Levi's Stadium Intel Gate entrance
Santa Clara has been locked in litigation with the San Francisco 49ers since 2019, and this proposal could end the last remaining piece. Photo by B. Sakura Cannestra.

For the second time this week, Santa Clara politics are under scrutiny by the civil grand jury — but the report concludes the billion dollar Levi’s Stadium hasn’t strained taxpayers as some critics alleged.

A third report from the Santa Clara County Grand Jury published Thursday has honed in on the city’s 2010 Measure J, which approved the construction of Levi’s Stadium.

The new 84-page report contended that the original measure protected the city’s general fund, but alleged that contracts with San Francisco 49ers’ affiliates running the stadium limited revenue from events at the stadium.
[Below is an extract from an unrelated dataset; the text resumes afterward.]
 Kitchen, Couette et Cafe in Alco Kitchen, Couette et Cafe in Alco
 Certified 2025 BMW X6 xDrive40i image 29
The grand jury has published two previous reports, including one yesterday chronicling dysfunction and infighting on the city council.

Two years ago, another contentious grand jury report accused the 49ers of having outsized influence on city officials, which the team refuted.

The report said Measure J has met its promise to protect to pay down stadium debt and funded reserves more quickly than originally planned. But, the report added, the promised revenues of 1% have “have been hard won” and there’s no consequences if non-NFL events do not make a profit.

The team last year released a report from a professor and consultant that found events at the stadium generated $2 billion in total economic impact for the region in the last decade.

“At the heart of the relationship between the 49ers and Stadium Authority, there is an imbalance of power,” the report reads. “The Stadium Authority and City negotiators bear great responsibility for this imbalance.”

Jurors said the NFL team benefited more from the complex agreements than the city’s Stadium Authority. The Stadium Authority is a board made up of councilmembers that oversee the stadium. A source with industry knowledge said the 49ers pay among the highest rent of any NFL team with publicly-owned stadiums.

The report recommended that the Stadium Authority hire experts on managing large sports stadiums, and fund its own economic impact report. It also said the authority should require the stadium’s management company to prioritize maximizing the city’s revenue.

The 49ers provided jurors with thousands of documents and more than a hundred of hours in testimony, according to 49ers spokesperson Ellie Caple.

“This report reaffirms the success of Levi’s Stadium, and that new leadership at the Stadium Authority has improved transparency and driven additional profit to the Authority and city. We will follow up with staff on next steps, and remain immensely proud of the contributions the 49ers have made to this community, which include delivering $1 billion for the Stadium Authority and $2 billion for the regional economy.”

Councilmember Raj Chahal said the report was less slanted than the one from earlier in the week, which he said “cherry picked” information. He said today’s report on the stadium affirmed that the original contracts with the 49ers and its affiliates were written to benefit the 49ers, but have been renegotiated over the years to bring more revenue into the city.

Chahal added that the jury’s three reports have historically been biased, pointing to how the report on the council’s dysfunction did not mention any instances of Mayor Lisa Gillmor or Councilmember Kathy Watanabe acting inappropriately.

“To me, the problem is that the powers of civil grand jury are being misused,” Chahal told San José Spotlight. “The grand jury should not be politicized.”

The grand jury report requested a response from the Stadium Authority on all 10 recommendations.

In 2010, Santa Clara voters approved Measure J, which brought the $1.3 billion Stadium to the city. Gillmor, the only politician on the council at the time, was a proponent of the measure — before becoming one of the team’s toughest critics.

After the 2022 report released, 49ers executives called the jury “stacked” with Gillmor’s political allies. The report was released shortly before the November 2022 election, where Becker and Gillmor faced off. Several councilmembers, including Becker, previously told San José Spotlight they weren’t interviewed for the report.

Multiple people allegedly leaked the 2022 report prior to its publication. Becker allegedly leaked the report to the 49ers and is locked in litigation over alleged perjury which he has pleaded not guilty. Supporters also suggested Gillmor may have leaked the report to the city’s police union, after talking points from the report were published early on a website overseen by the union.